Additionally, one of the plant's two Corliss stationary steam engines was moved to Pawnee Oklahoma and preserved. This engine is run for viewing by the public on the first weekend of May.

The Oklahoma Department of Environmental Quality has been overseeing remediation of contamination at the industrial park, groundwater, and soil throughout parts of the city since 1992. Phelps Dodge Corporation, a subsidiary of Freeport-McMoRan Copper & Gold Inc, has owned the site since 1999. On October 15, 2009 the City of Blackwell filed suit against Freeport-McMoRan calling the contamination a nuisance, and alleging that 58 million pounds of toxic waste remained in the city, causing illness within its 7,200 residents. Following several changes of venue between Federal court and Kay County courts, the City of Blackwell and Freeport settled for 54-million dollars on February 4, 2010.

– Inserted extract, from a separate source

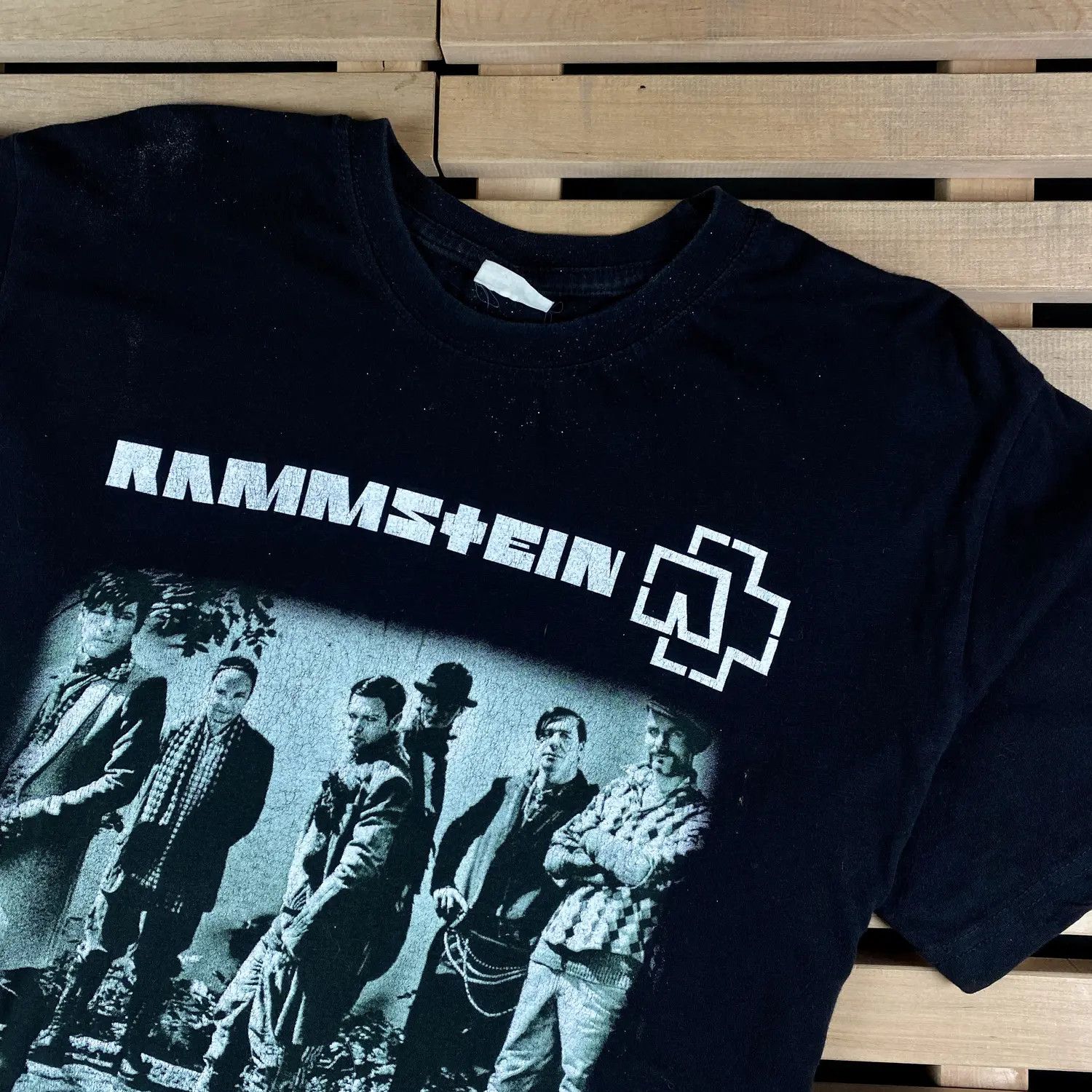 Band Tees Mens Vintage 90s Rammstein T Shirt Size L Size US L / EU 52-54 / 3 - 2 Thumbnail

Blackwell was a victim of the 1955 Great Plains tornado outbreak, a deadly tornado outbreak that struck the southern and central U.S Great Plains States on May 25–26, 1955. It produced at least 46 tornadoes across seven states including two F5 tornadoes in Blackwell, Oklahoma, and Udall, Kansas. The outbreak killed 102 from three tornadoes while injuring hundreds more. Unusual electromagnetic activity was observed, including St. Elmo's fire.

The Blackwell tornado formed in Noble County at around 9:00 pm CDT before crossing through the eastern portions of the Kay County town of Blackwell as an F5 wedge tornado. Then about 400 yd (0.23 mi) wide (Grazulis 1991), It claimed the lives of 20 people in Blackwell and injured over 200 before crossing into and dissipating over Cowley County, Kansas. Along with destroying nearly 200 homes, the tornado demolished two of the town's main employers, the Acme Foundry and the Hazel Atlas Glass plant. 400 homes were destroyed or swept away, and 500 other homes were damaged. Sixty businesses were also destroyed and the local hospital sustained major damage. Most of the western half of the town was spared the worst of the damage.

To commemorate the 1955 tornado, the Top of Oklahoma Historical Society Museum housed in the 1912 Electric Park Pavilion in Blackwell put on a special exhibition "F5 in 1955" which included a ‘tornado room’ which displayed artifacts, information, and photographs of the event. Over a year in the making, the exhibit occupied an entire room and was made possible with financial support from the city of Blackwell. “Working with the wonderful people at the Top of Oklahoma Museum and the Udall Historical Society was the best part of the creation of the “F5 in 1955” exhibit," said Dianne Braden, tornado survivor. "To commemorate the event and the loss of 107 people was important to all of us. There’s something for every age in the exhibit.”